The first diamonds “certified” as mined and cut in Canada were recently released to the Canadian market, says Martin Irving, director of Diamond Projects for the Government of the Northwest Territories. There also are plans to sell them in the Japanese and U.S. markets. “We’ve done basic research and found that selling it as a North American diamond has an appeal,” Irving says. He noted that many Canadian consumers also expressed interest in them for patriotic reasons.
Each “certed” diamond includes a notice explaining that the “diamond is a natural Canadian Arctic diamond that was mined, cut, and polished in the Northwest Territories.” Irving says the Canadian government has developed a stringent monitoring system that follows the diamond from the mine through the factory. In addition, all of the diamonds will be “Gemprinted,” using technology from the diamond fingerprinting company that’s also based in Canada.

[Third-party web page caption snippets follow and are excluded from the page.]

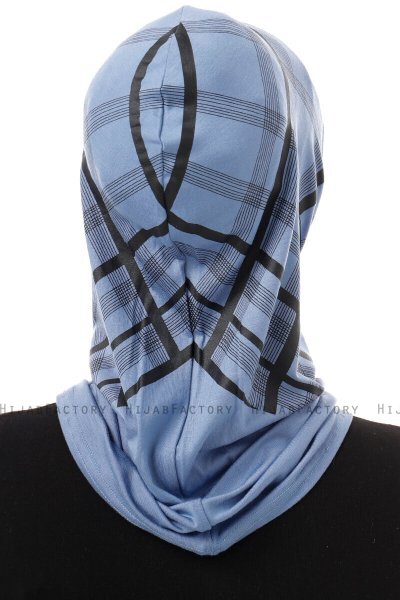 Ekose Plain - Hijab Al Amira One-Piece Indaco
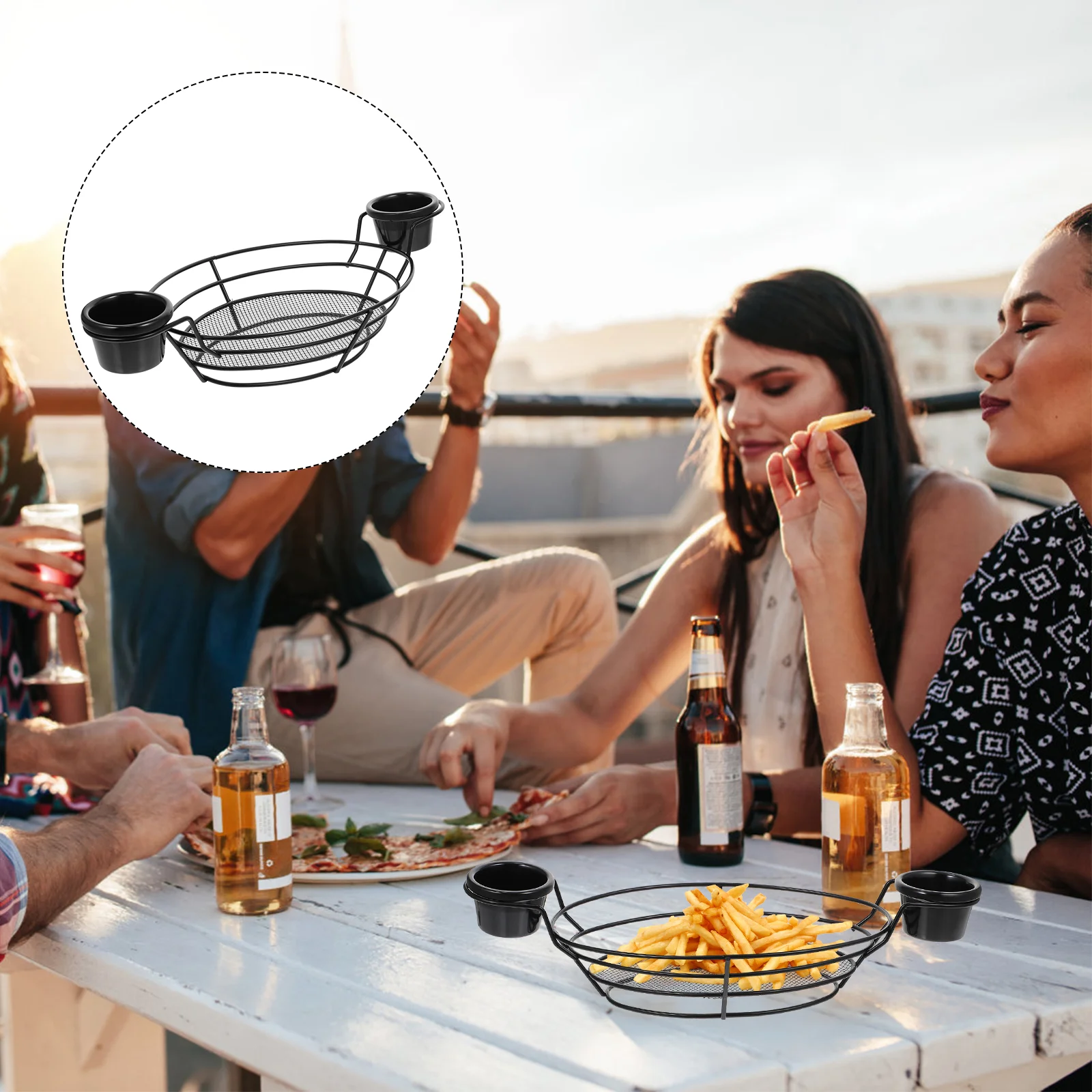 

1 шт., корзина для жарки в ресторане, прочная корзина из нержавеющей стали (черная)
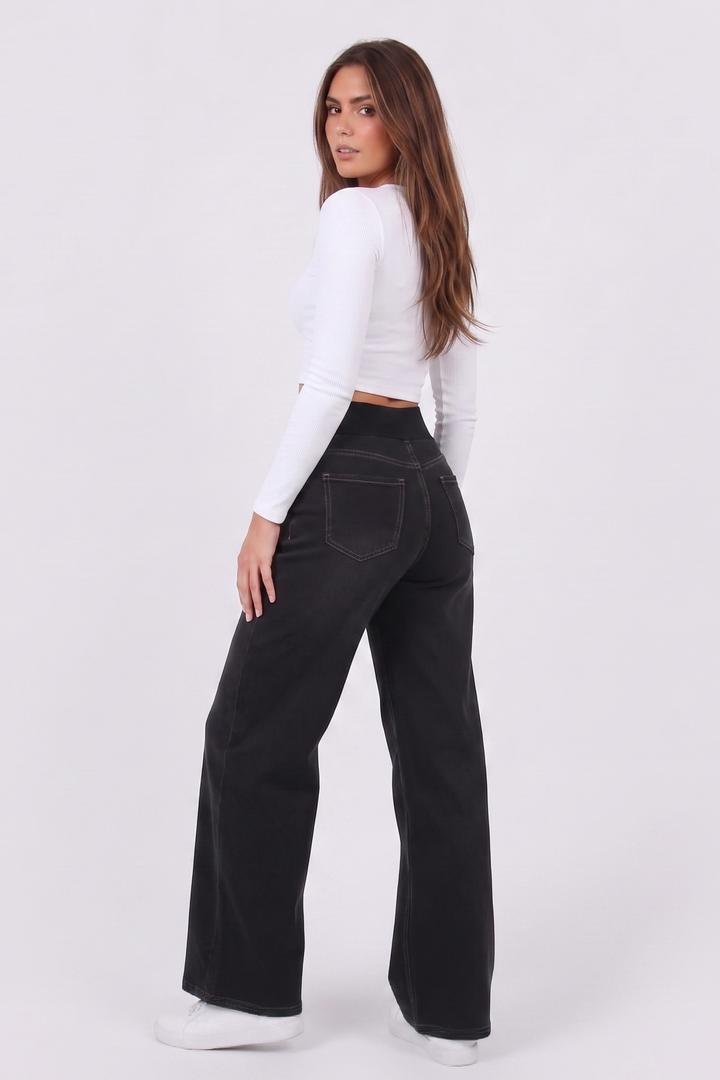 Snugz Flow Pants – High-Waisted wide leg super stretch soft -Black washaos-init aos-animate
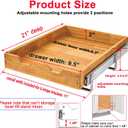 DINDON 1 Tier Pull Out Cabinet Organizer (11" W x 21" D) Single Tier Heavy Duty Sliding Wood Drawer Under Cabinet Shelf Organization Storage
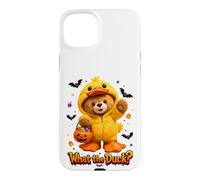 Carcasa para iPhone 15 Plus What The Duck Halloween Teddy Bear Wearing Yeallow Duck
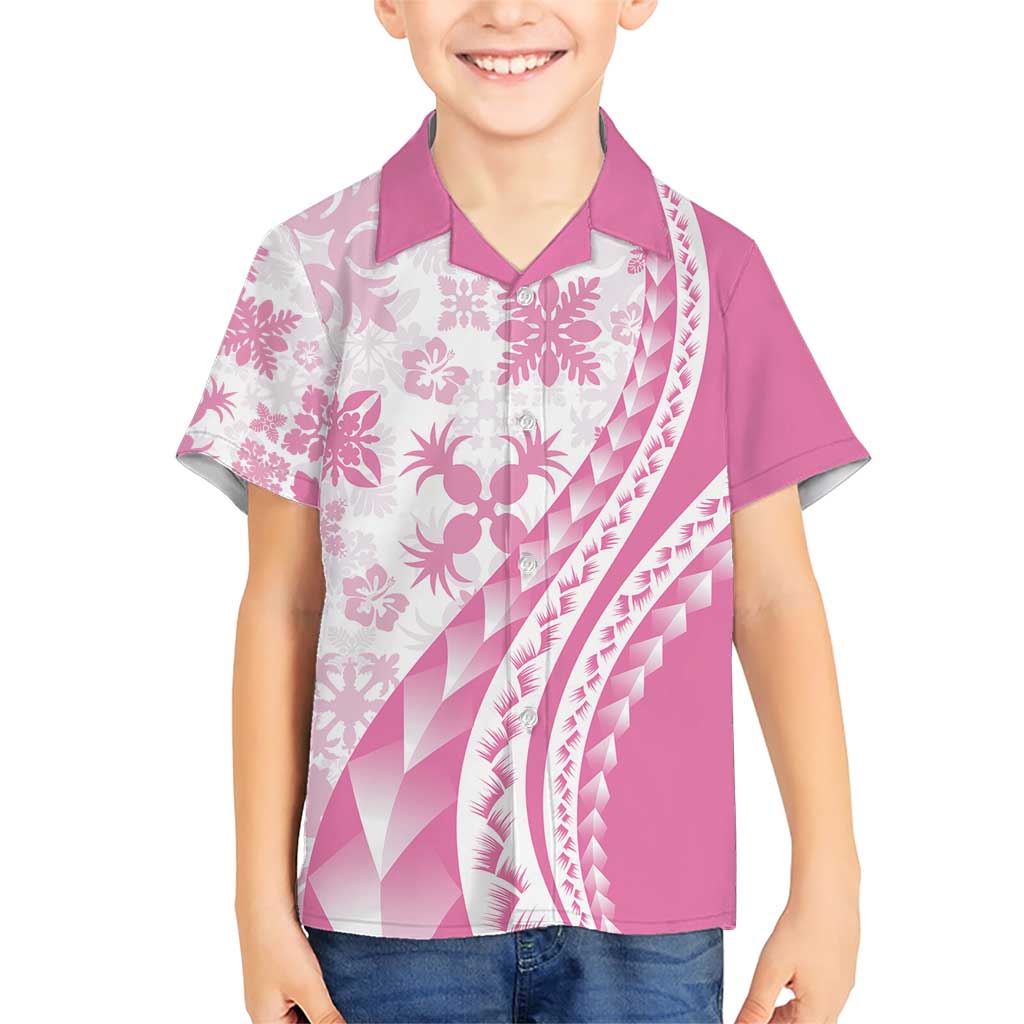 Pink Hawaiian Quilt Pattern Family Matching Short Sleeve Bodycon Dress and Hawaiian Shirt Mixed Polynesian Tribal Arty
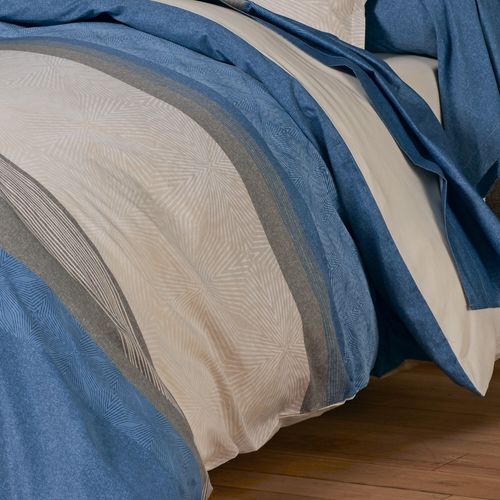 Housse De Couette 240x220 Cm Satin De Coton Tiago Bleu Indigo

Although the certificates are voluntary and will apply only to a small number of the diamonds currently mined in the Northwest Territories, this small-scale program has received an unusual amount of publicity. The New York Times recently ran the story on its front page, implying that the certification was Canada’s reaction to the “conflict diamond” issue. Soon afterwards, the Boston Globe followed up with a similar report. But Irving denies a link. “We announced this prior to conflict diamonds becoming an issue,” he says. “It has a certain advantage regarding conflict diamonds, but it’s not the objective of the program.” And he adds that, despite the article, Canada would never openly promote that as a selling point. “Here in the Northwest Territories, we have a history of consumer boycotts with the fur issue,” he says. “The more you get the ‘conflict diamond’ issue in the consumer’s mind, the whole industry suffers. That’s not something we are pushing in any way.”